An exact restatement of the data below, with the pictures removed, is the required answer.

______

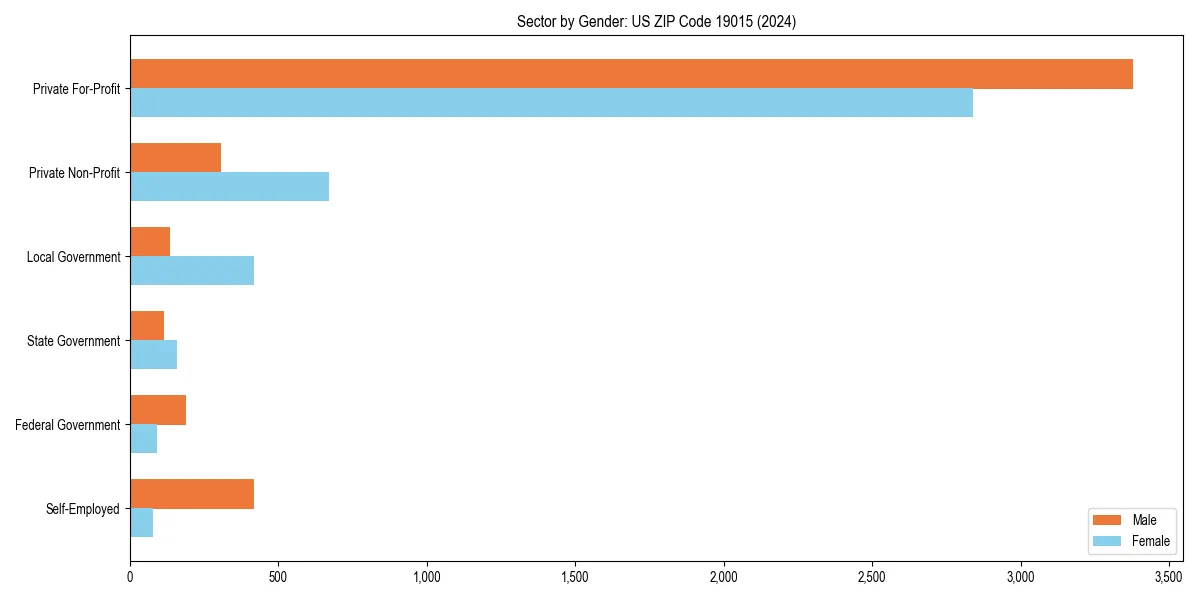 Employment sector breakdown by gender in 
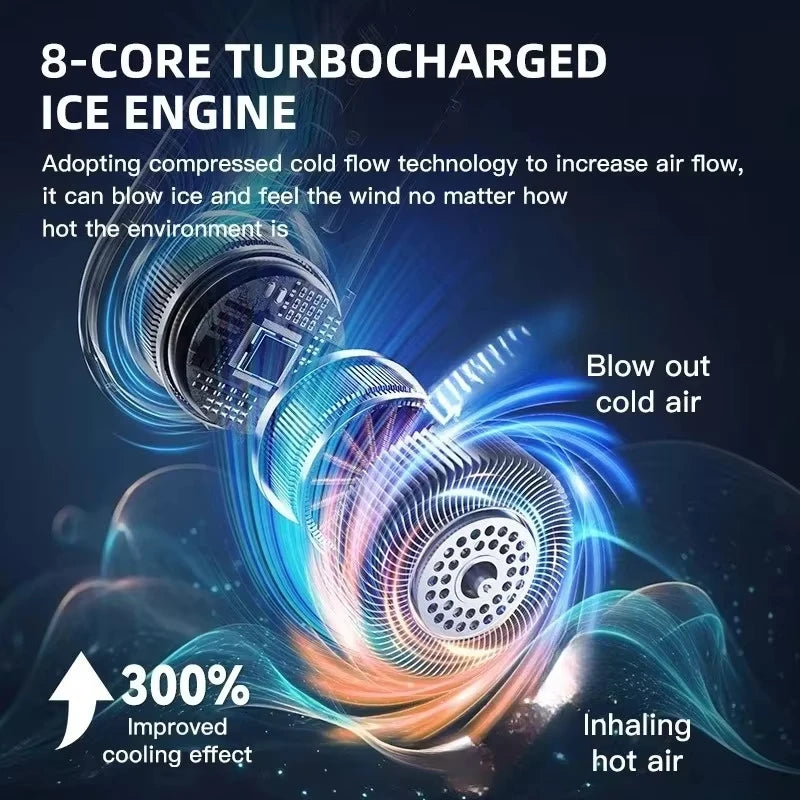 ポータブルネックファン 8000mAh・USB充電式・100段階風速調整・屋外・スポーツ用・ピンク 追加イメージ5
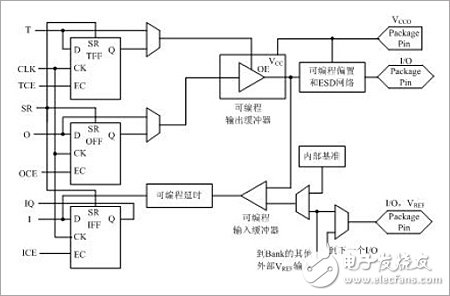FPGA主要功能模块介绍(1),IOB 模块,第2张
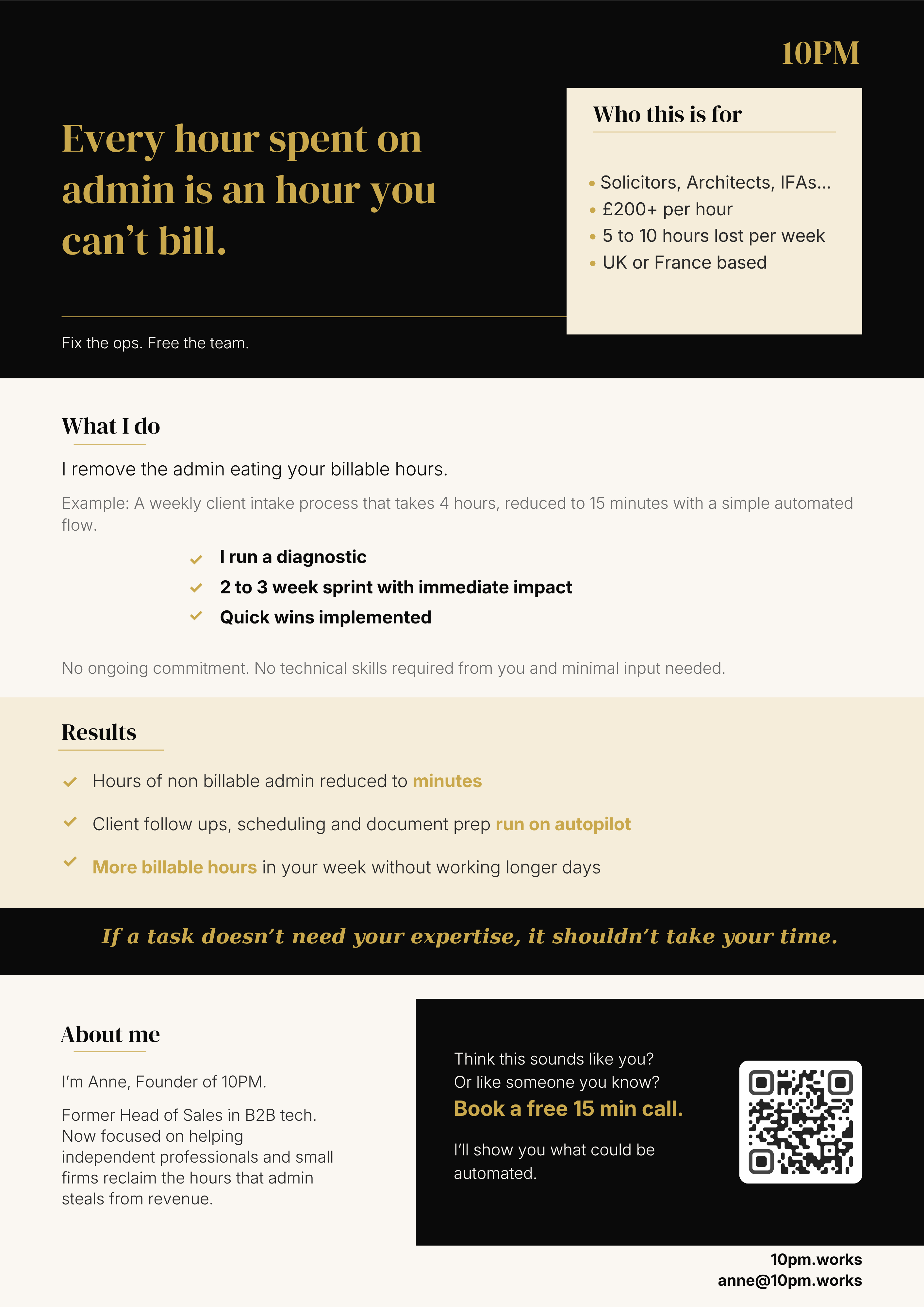 10PM one pager for high value professionals: who this is for, what I do, results, and how to book a 15 minute call.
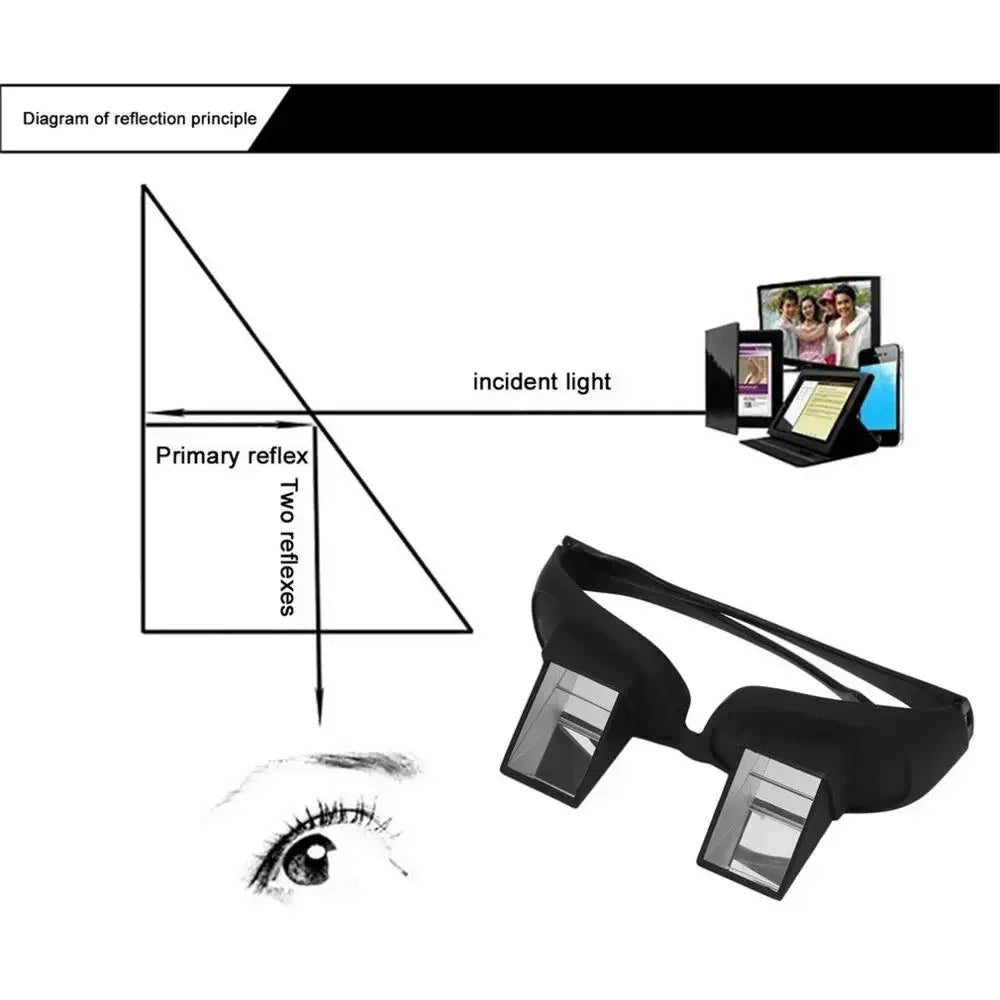 Lazy Reading Glasses | Teckeleck UK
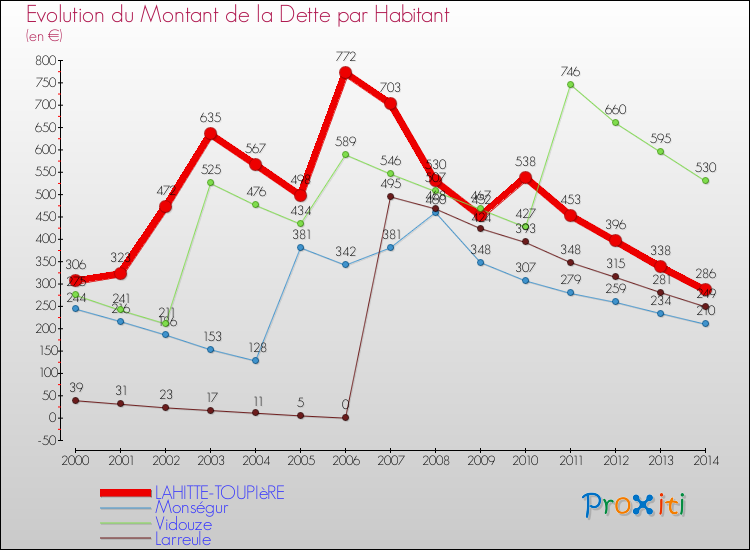 Evolution de la dette par habitant pour la commune de LAHITTE-TOUPIèRE et les communes proches de 2000 à 2014 Comparaison de la dette par habitant pour LAHITTE-TOUPIèRE et les communes voisines de 2000 à 2014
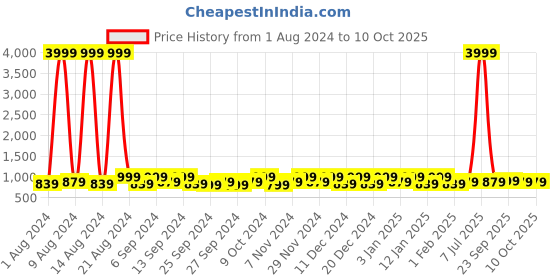 myntra.com Kuber Industries Grey 6 Pieces Printed Fabric Multi-Utility Organisers kuber industries Price History Graph from 1 Aug 2024 to 9 Oct 2025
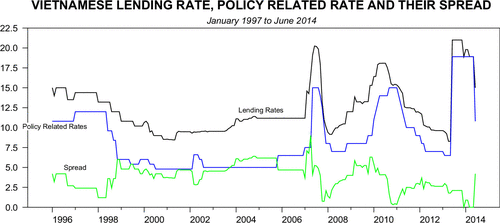 Figure 1. Vietnamese lending rate, policy-related rate, and their spread since 1997.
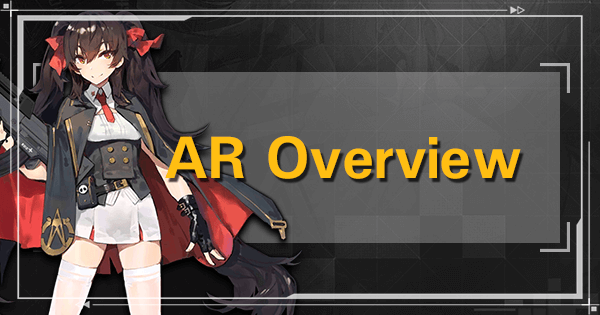 AR Overview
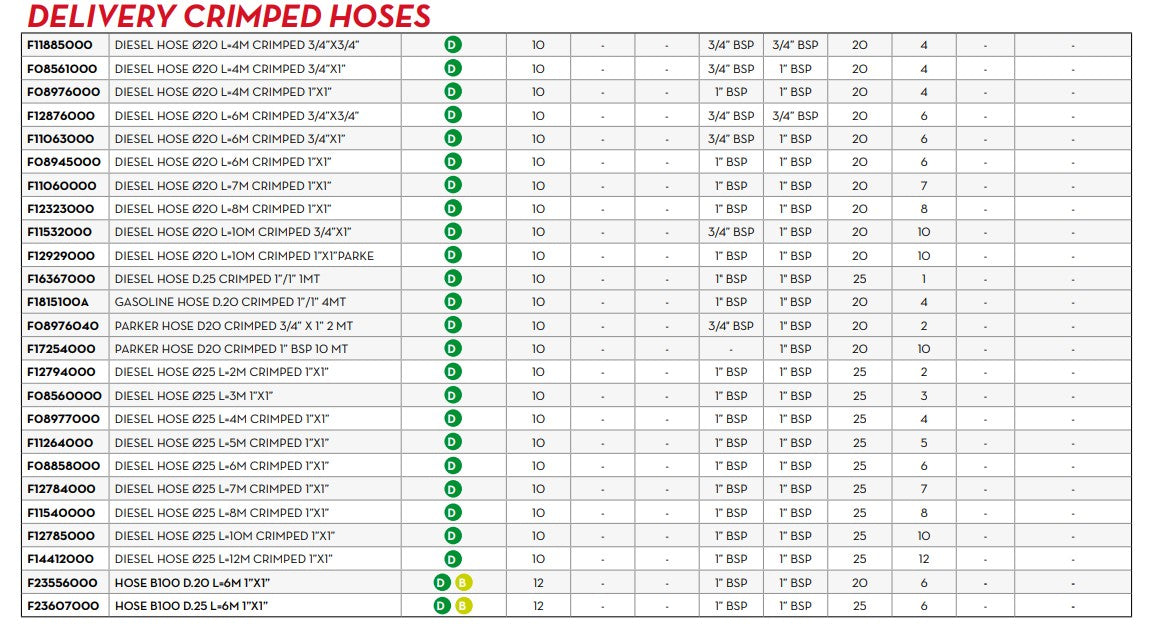 Dieselslang inv. 3/4" med 1" hane/hane-kopplingar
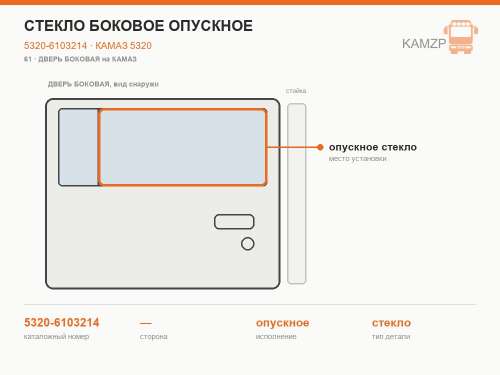 Стекло боковое опускное, каталожный номер 5320-6103214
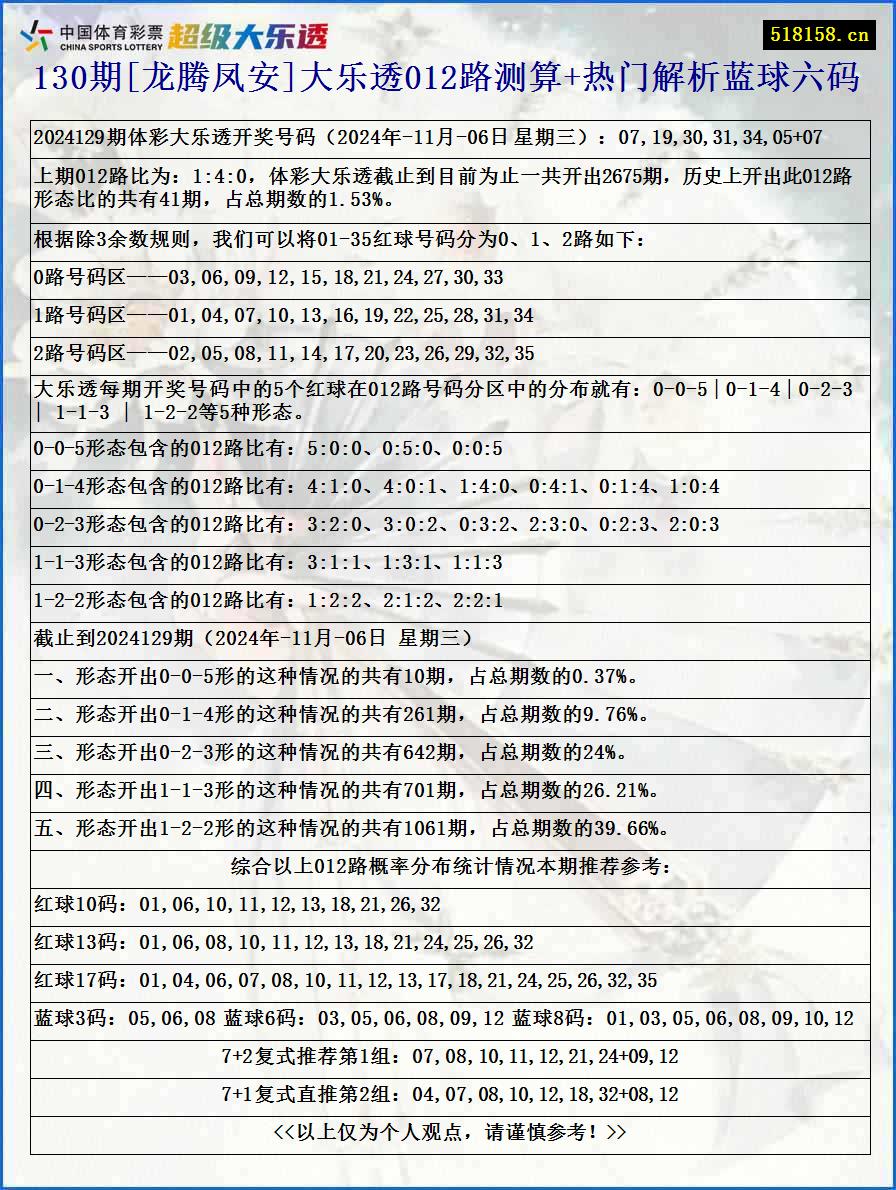 130期[龙腾凤安]大乐透012路测算+热门解析蓝球六码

______

● Exercise result:
 Employment sector breakdown by gender in 
 ポータブルネックファン 8000mAh・USB充電式・100段階風速調整・屋外・スポーツ用・ピンク 追加イメージ5
FPGA主要功能模块介绍(1),IOB 模块,第2张
 10PM one pager for high value professionals: who this is for, what I do, results, and how to book a 15 minute call.
 Lazy Reading Glasses | Teckeleck UK
 Evolution de la dette par habitant pour la commune de LAHITTE-TOUPIèRE et les communes proches de 2000 à 2014 Comparaison de la dette par habitant pour LAHITTE-TOUPIèRE et les communes voisines de 2000 à 2014
 myntra.com Kuber Industries Grey 6 Pieces Printed Fabric Multi-Utility Organisers kuber industries Price History Graph from 1 Aug 2024 to 9 Oct 2025
 Figure 1. Vietnamese lending rate, policy-related rate, and their spread since 1997.
 AR Overview
 Dieselslang inv. 3/4" med 1" hane/hane-kopplingar
 Стекло боковое опускное, каталожный номер 5320-6103214
 130期[龙腾凤安]大乐透012路测算+热门解析蓝球六码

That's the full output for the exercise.